Problem to work on: From the material below, please set down exactly the lines starting with the one with "Location Appartement Studio" and going on through the one with "Clasificacion de Los Materieles", without a single picture.

Data supplied:
--- --- ---

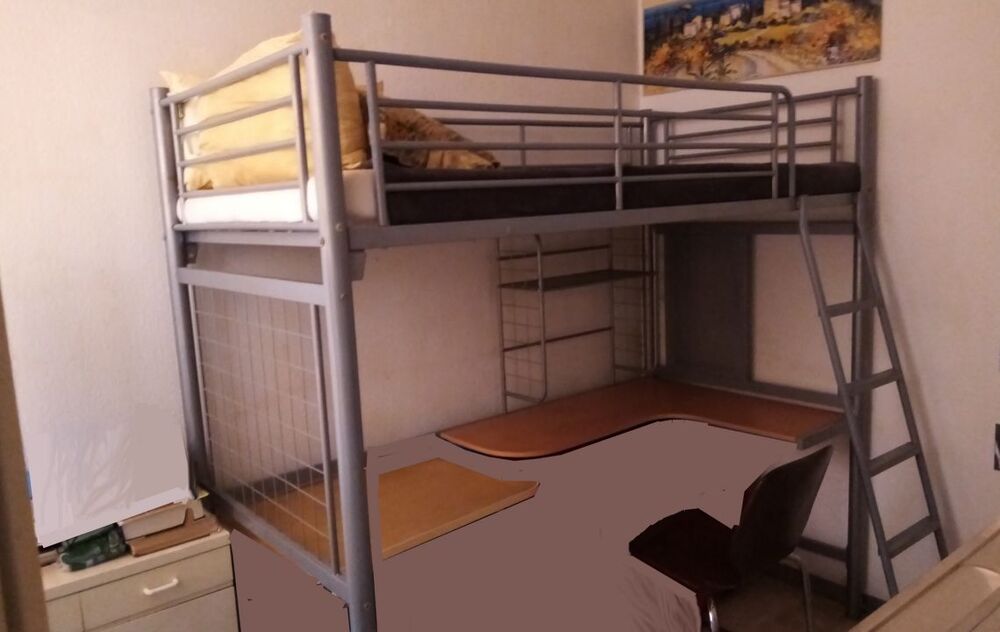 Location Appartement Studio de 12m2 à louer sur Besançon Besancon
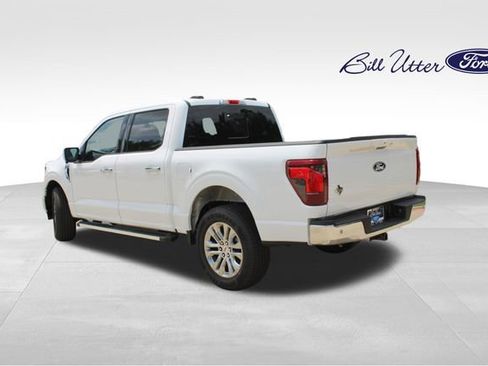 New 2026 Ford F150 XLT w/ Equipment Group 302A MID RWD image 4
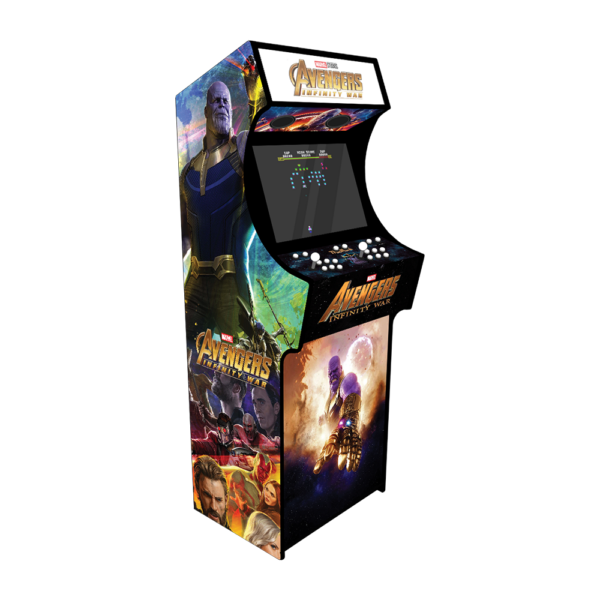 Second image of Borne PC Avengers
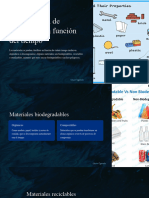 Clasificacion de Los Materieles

--- --- ---

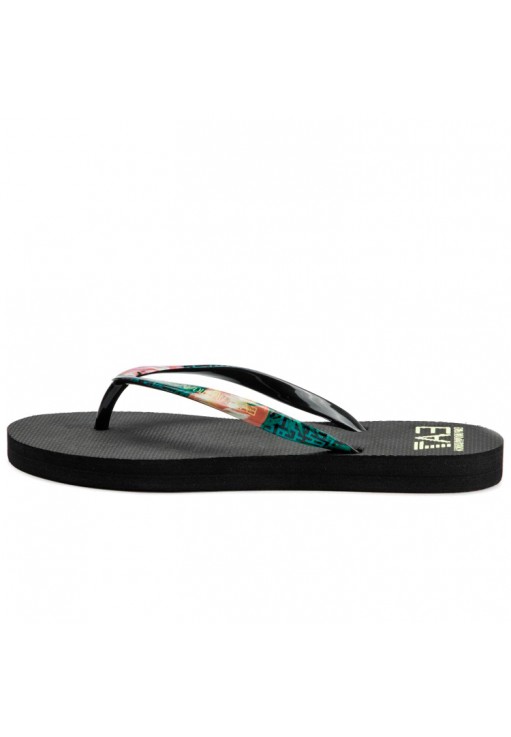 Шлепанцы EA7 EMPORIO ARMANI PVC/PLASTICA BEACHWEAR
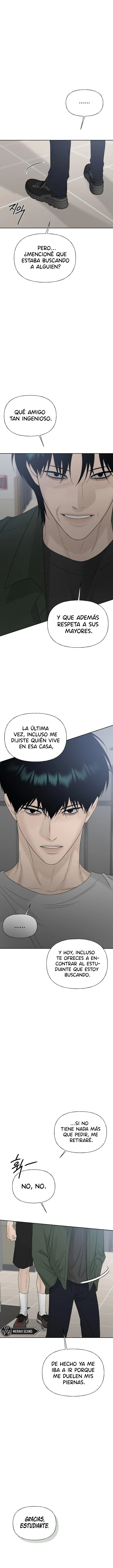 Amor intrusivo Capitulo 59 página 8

--- --- ---

Exercise solution:
 Location Appartement Studio de 12m2 à louer sur Besançon Besancon
 New 2026 Ford F150 XLT w/ Equipment Group 302A MID RWD image 4
 Second image of Borne PC Avengers
 Clasificacion de Los Materieles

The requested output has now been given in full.